Jackie Kennedy: JFK's Thousand Days Were "Our Happiest Years"
In interviews, widowed first lady recalled president's foreboding about his own death.
| Posted Monday, Sept. 12, 2011, at 12:42 PM
UPDATE: ABC News continues to dribble tantalizing details from its trove of Jackie Kennedy oral history interviews, which it plans to air on Tuesday in a two-hour Diane Sawyer special.
In between breathless descriptors of the footage, the network’s latest report focuses on Mrs. Kennedy’s relationship with her husband and the family’s home life in the White House. The intensity of JFK’s thousand days, it seems, brought the couple closer.
In the interviews, conducted in early 1964, she recalls his whirlwind presidency as “our happiest years.” She recounts insisting that come nuclear war, she and the kids stay with him in the White House rather than being sent somewhere safe. “I just want to be with you, and I want to die with you, and the children do too—(rather) than live without you,” she recalls telling her husband.

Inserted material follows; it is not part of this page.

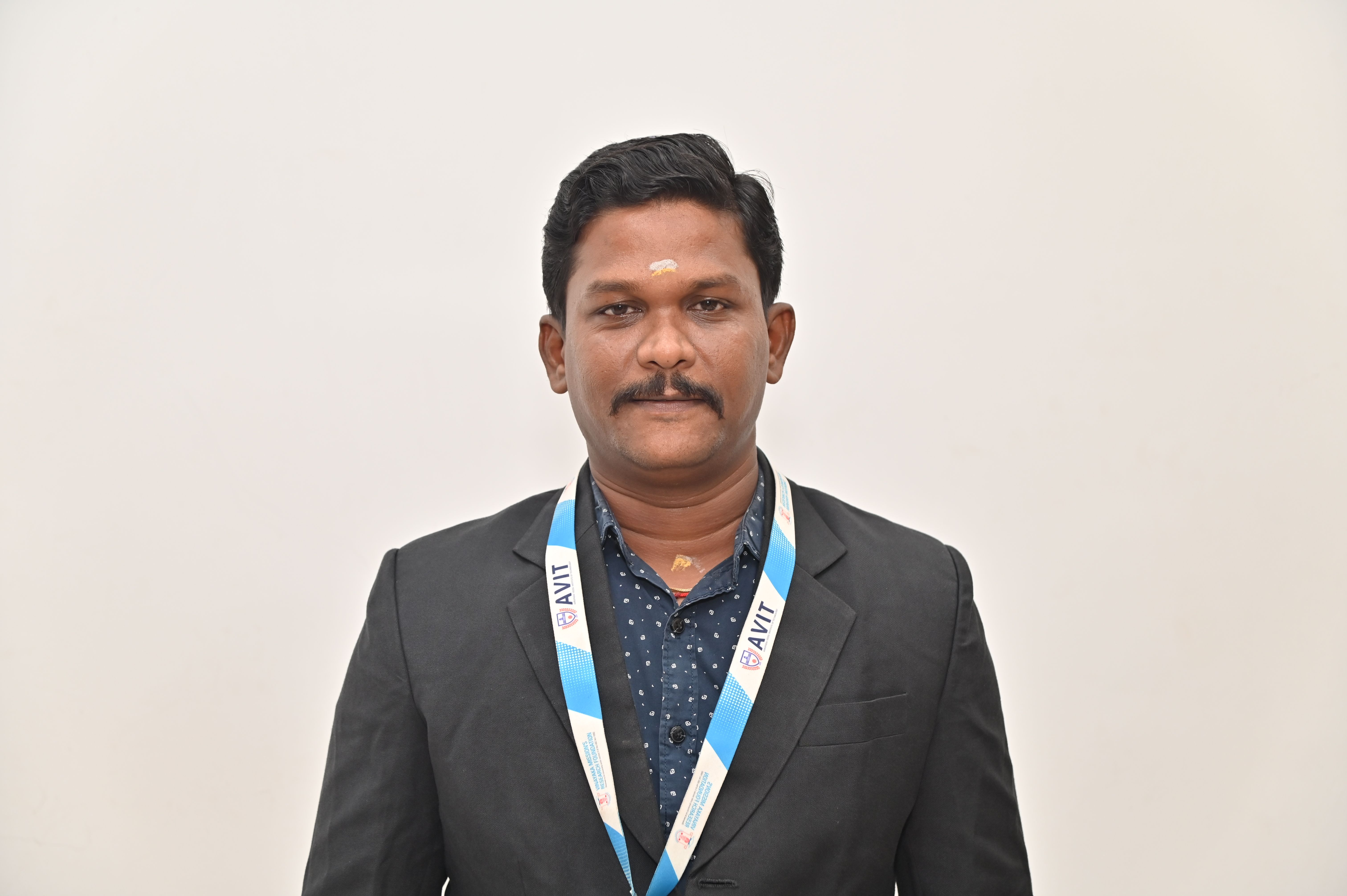 Mr. S. Thanga Prasath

Adding to the romanticism are her remembrances of JFK’s foreboding about his own untimely death. The president had agreed with friends that Abraham Lincoln’s legacy was improved by his assassination, and in his exultation and relief at the conclusion of the Cuban Missile Crisis, he said, according to his widow’s account: “Well, if anyone’s going to shoot me, this would be the day they should do it.”
In the wake of his shooting, she grappled with a version of the debate that echoes today about the relationship between inflammatory speech and political violence. She concluded that ads such as one in a Dallas newspaper depicting JFK along with the text “Wanted for Treason” were partly to blame for the assassination.

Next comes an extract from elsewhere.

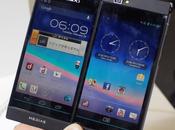 Medias smartphone double écran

POST Friday at 3:19 p.m.: Did Martin Luther King, Jr., really make snide comments at John F. Kennedy’s funeral? Did he try to arrange a sex party while in town for the March on Washington?
Those were among a series of claims that the notorious FBI director J. Edgar Hoover whispered to the Kennedy family in the 1960s in a bid to undermine the civil rights leader’s influence in the White House. Newly released tapes show that they profoundly upset JFK’s widow, Jackie Kennedy, in the months after her husband died.

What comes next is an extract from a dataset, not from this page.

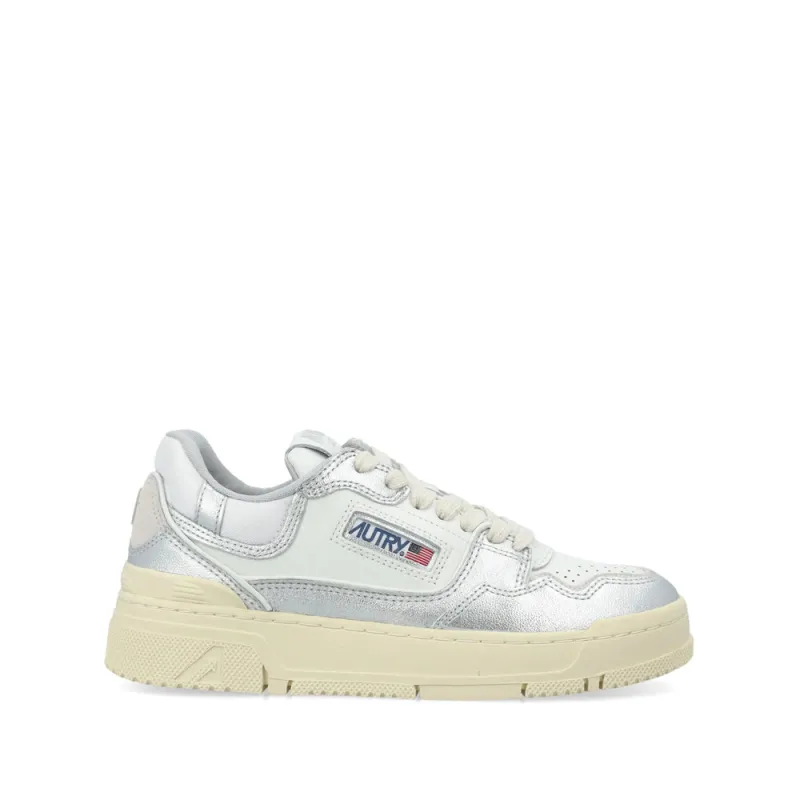 Sneakers Silver, White sold by Wanan Luxury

“I just can’t see a picture of Martin Luther King without thinking, you know, that man’s terrible,” Mrs. Kennedy said at the time, according to ABC News.
She made the comments in a series of oral history interviews with the historian Arthur M. Schlesinger, Jr. in the spring of 1964. ABC acquired the tapes, sealed until now, and plans to air portions of them on Tuesday in a two-hour TV special anchored by Diane Sawyer.
The comments about MLK are among the most surprising that the network has so far revealed. Friends and family of both King and the Kennedys say they were the result of manipulation by Hoover and don’t reflect Jackie Kennedy’s overall opinion of the civil rights icon. She attended King’s funeral in 1968.
Hoover made the damaging allegations based on secret wiretaps of King, which he had arranged. What those surveillance tapes actually say remains unclear. They are scheduled to remain sealed by court order until 2027.
Other revelations from the oral histories include JFK’s apparent fear of a Lyndon B. Johnson presidency. Jackie Kennedy told Schlesinger her husband was “worried for the country” should LBJ succeed him in office, and was trying to find away to keep him from the Democratic nomination in 1968, which would have marked the end of Kennedy’s second term.